Breast cancer is a heterogeneous neoplasm with many factors contributing to its intratumoral diversity, thus the various breast cancer subtypes offer different degrees of immunogenicity [32]. With the advent of more effective means of subtype characterization and stratification (specifically, genomic and transcriptomic analyses), in depth exploitation of immunomodulation and further characterization of biomarkers in BC can become more effective by researchers. Improving the stratification of BC subtypes with high throughput imaging and gene expression profiling, while also separating strongly immunogenic BC subtypes from the weakly immunogenic, will create more effective and personalized treatments and possibly explain why BC has been perceived as immunologically ‘silent’.

In 1863, Rudolf Virchow proposed a functional relationship between inflammation and cancer. He hypothesized that the origin of cancer was at sites of chronic inflammation. It is now obvious that inflammatory cells have a potent impact on tumor development [33]. The pro-tumor actions of inflammatory cells include: the presence of leukocyte infiltration; the expression of cytokines such as tumor necrosis factor (TNF) or IL-1; chemokines such as CCL2 and CXCL8; active tissue remodeling and neo-angiogenesis. Tumor associated macrophages are important regulators in the link between inflammation and cancer [34, 35]. It took several years for researchers to prove that inflammation is fundamental to the growth and progression of breast cancer [36]. In 2009 a remarkable study confirmed the link between chronic inflammation and breast cancer recurrence [37]. The authors examined C-reactive protein (CRP) and serum amyloid A (SAA) levels, as measures of inflammation, and found that elevated CRP and SAA were associated with reduced disease-free survival in BC patients.

Most studies suggest that the inflammatory cells and cytokines found in tumors are more likely to contribute to immunosuppression, rather than induce effective antitumor responses [38‐40]. Moreover, immune-compromised women exhibit reduced relative risk for common epithelial cancers, including breast adenocarcinoma [41, 42]. One previous study showed there was a 21% decrease in the risk of breast cancer among women who took NSAIDs at least twice a week for at least 5 years [43].
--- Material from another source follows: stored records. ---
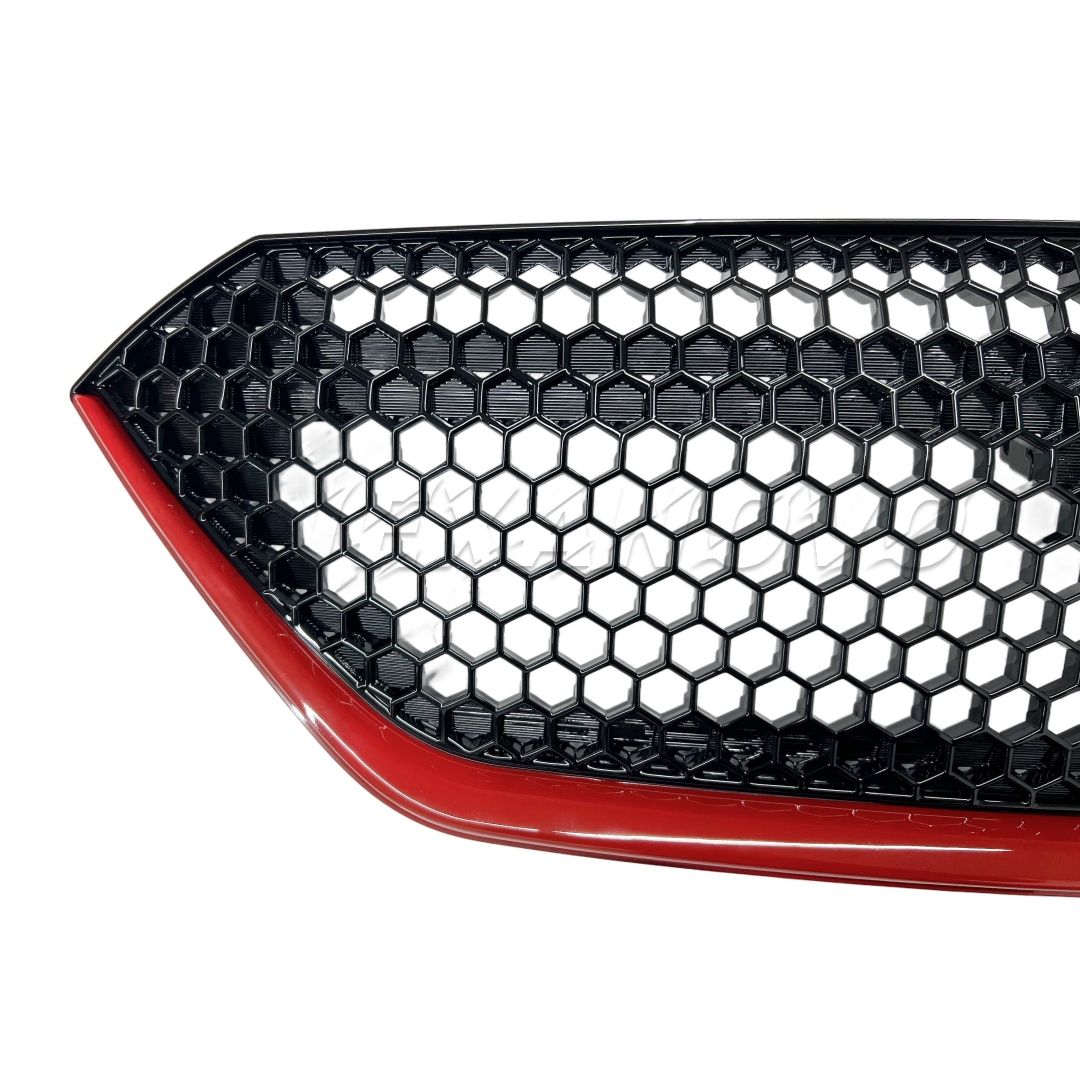 2024 wrx car grille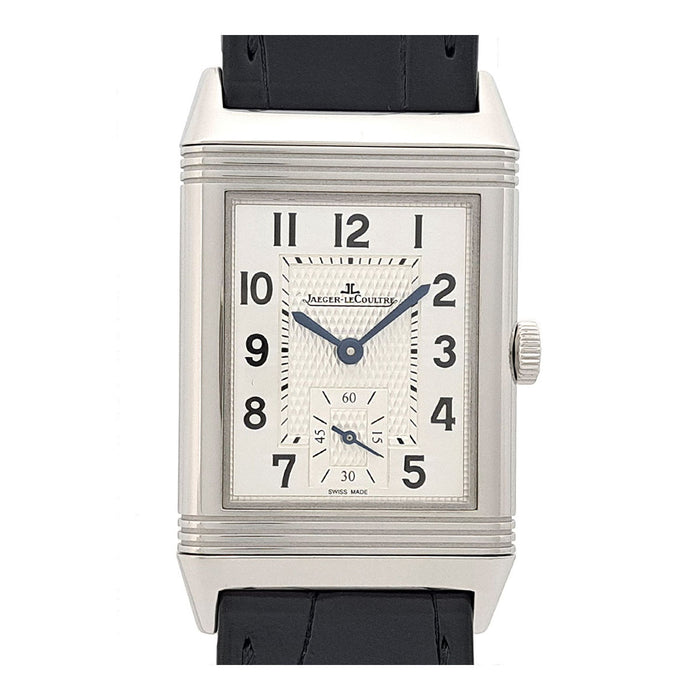 JAEGER-LECOULTRE
Reverso Classic
With box and warranty card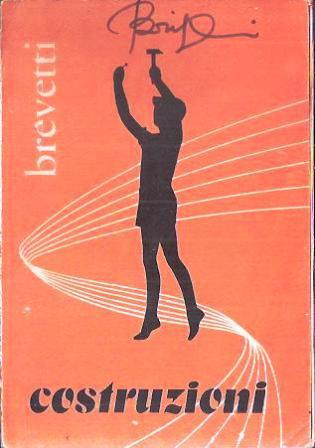 Costruzioni Secondo Volume - Brevetti - copertina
Although Virchow showed that cancer occurred at sites of chronic inflammation, Coley successfully treated sarcomas with bacterial mixtures, leading to tumor regression, mediated by acutely activated cytotoxic immune cells [44]. These paradoxical characteristics of leukocytes are due to functional plasticity of myeloid- and lymphoid-lineage cells. Macrophages, for example, when exposed to type 2 cytokines like IL-4, express epidermal growth factor (EGF) and vascular endothelial growth factor (VEGF), and enhance angiogenesis and mammary carcinoma metastasis. In contrast, macrophages activated through CD40 have antitumoral properties [45]. Several ongoing clinical trials target cytokines and growth factors for immune modulation, including cediranib, a VEGF inhibitor (see Tables 2-3).

BC cells themselves are master manipulators and evaders of immune destruction, and their mechanisms are not fully understood, fueling a stronger perception of BC’s poor immunogenicity. Determining their mechanisms of evasion is imperative for the development of more effective treatments. The most well characterized mechanisms outlining BC’s capacity to evade immune destruction are the expression of immune inhibitory co-stimulatory receptors (e.g. programmed cell death protein (PD)-1, cytotoxic T lymphocyte-associated protein (CTLA)-4, lymphocyte activation gene (LAG)-3, the presence of tumor-derived immunosuppressive factors (e.g. TGF-β, IL-10, IDO), and the infiltration of suppressive immune cells (e.g. regulatory T cells (Tregs), myeloid-derived suppressor cells (MDSCs), tumor-associated macrophages (TAMs) in the microenvironment. Moreover, it was shown that human BC cells can enhance self-tolerance by evading and altering the function of NK cells [46]. NK cells from non-invasive and invasive cancers were shown to decrease expression of activating receptors (such as NKp30 and NKG2D) and increase expression of inhibitory receptors (such as NKG2A), induced by multiple immunosuppressive cytokines (e.g. TGF-β and IDO) in the tumor microenvironment [46]. These many factors working in tandem demonstrate that the causes of BC’s weak immunogenicity are multifactorial.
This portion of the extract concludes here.